Daha doğru bir ifadeyle,

Sermaye piyasası gelişecekse bunun yegâne yolu TAHVİL PİYASASINI BÜYÜTMEKTEN geçer!

İşte bu nedenle SPK gecikmeksizin harekete geçmelidir.

İşin gerçeği, son dönemlerde reformist bir yaklaşımla sermaye piyasalarının etkinliğinin temini yönünde önemli adımlar atan Başkan Ömer Gönül ve ekibinin bu konuya da eğileceğini düşünüyorum.

Diğer bir ifadeyle, yakın zamanda Türkiye özel sektör tahvil piyasasının büyümesi yani derinleşmesi ve etkinleşmesi adına SPK nezdinde kurumsal bir adım atılırsa şaşırmam. Alkışlarım. Şapka çıkarırım…

Kısacası SPK, kuyruğunu bankalara kaptırmış; gerçekte müthiş faaliyet karı elde eden fakat gelirinin büyük kısmını bankalara kaptıran şirketleri, tahvil ihracı imkanıyla kanatlandırabilir.
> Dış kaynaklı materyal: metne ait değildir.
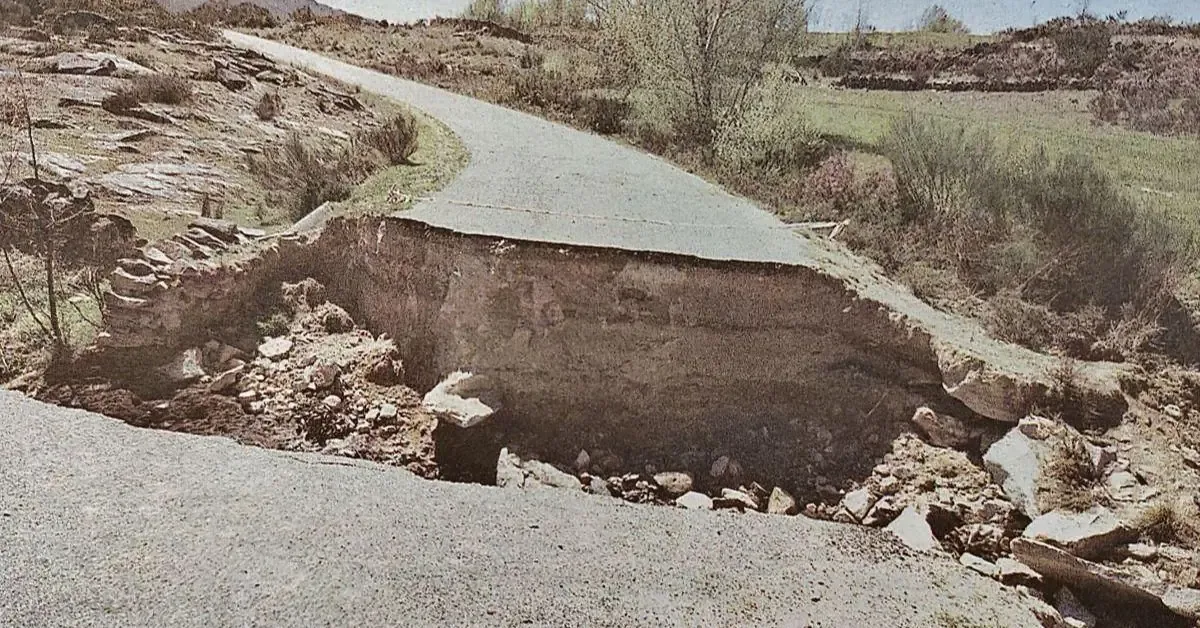 Las fuertes lluvias provocan la destrucción de un puente vital para las comunidades locales.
Büyümek için banka kapısını aşındırmak zorunda olan şirketlere tahvil ile finansman imkanı sağlayabilir.

Nasıl mı?

Bireysel yatırımcının tahvil alım-satımı yapabileceği bir platformu devreye alarak.
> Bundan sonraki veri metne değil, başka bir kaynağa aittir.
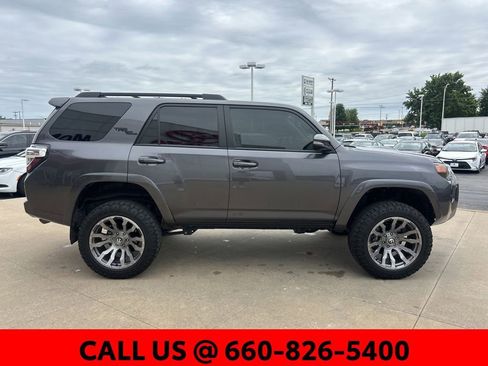 Used 2022 Toyota 4Runner TRD Off-Road Premium w/ TRD Black Wheel Package (TMS) AWD/4WD image 5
Bu imkan ayrı bir platform nezdinde veya bence daha doğru şekliyle halihazırdaki TEFAS bünyesinde sağlanabilir.

Bireyselin tahvil alıp satması,

Sermaye piyasasındaki hisse senedi körlüğünü ortadan kaldırarak;
Özellikle risk ve getiri bileşimi çerçevesinde mevduat ve hisse senedi arasına sıkışmış olan bireysel yatırımcılarının sermaye piyasaları nezdinde tasarruflarını değerlendirmelerine imkan tanıyacaktır.

Dahası;

TFRS 13 çerçevesinde Türkiye’de özel sektör borçlanma araçlarına haiz piyasa faizi gerçeğe uygun değer tanımına uygun olarak belirlenebilecektir.

Değerlemelerde kullanılan iskonto oranları sektörler itibariyle tahvil piyasalarındaki alım satım neticesinde oluşan gösterge faiz oranları dikkate alınarak objektif şekilde belirlenebilecektir.

Bağımsız denetim faaliyeti bireysel borç verenlerce takip edilebilir bir özellik kazanacağından finansal okuryazarlık artacaktır.

Kredi derecelendirme notları gerçek anlamda amaca hizmet etmeye başlayacaktır.

Aracı ortadan kalkacağı için borçlanma maliyetleri azalacak; bireysel yatırımcılar ise mevduattan daha yüksek getiriyi hisse senedi yatırımından daha az riskli şekilde temin etme imkanına kavuşacaktır.

Ayrıca,

Finans sisteminin bankacılık tekelinden çıkması neticesinde; kaynakların yönü bizzat tasarruf sahiplerince belirlenme şansına sahip olacaktır.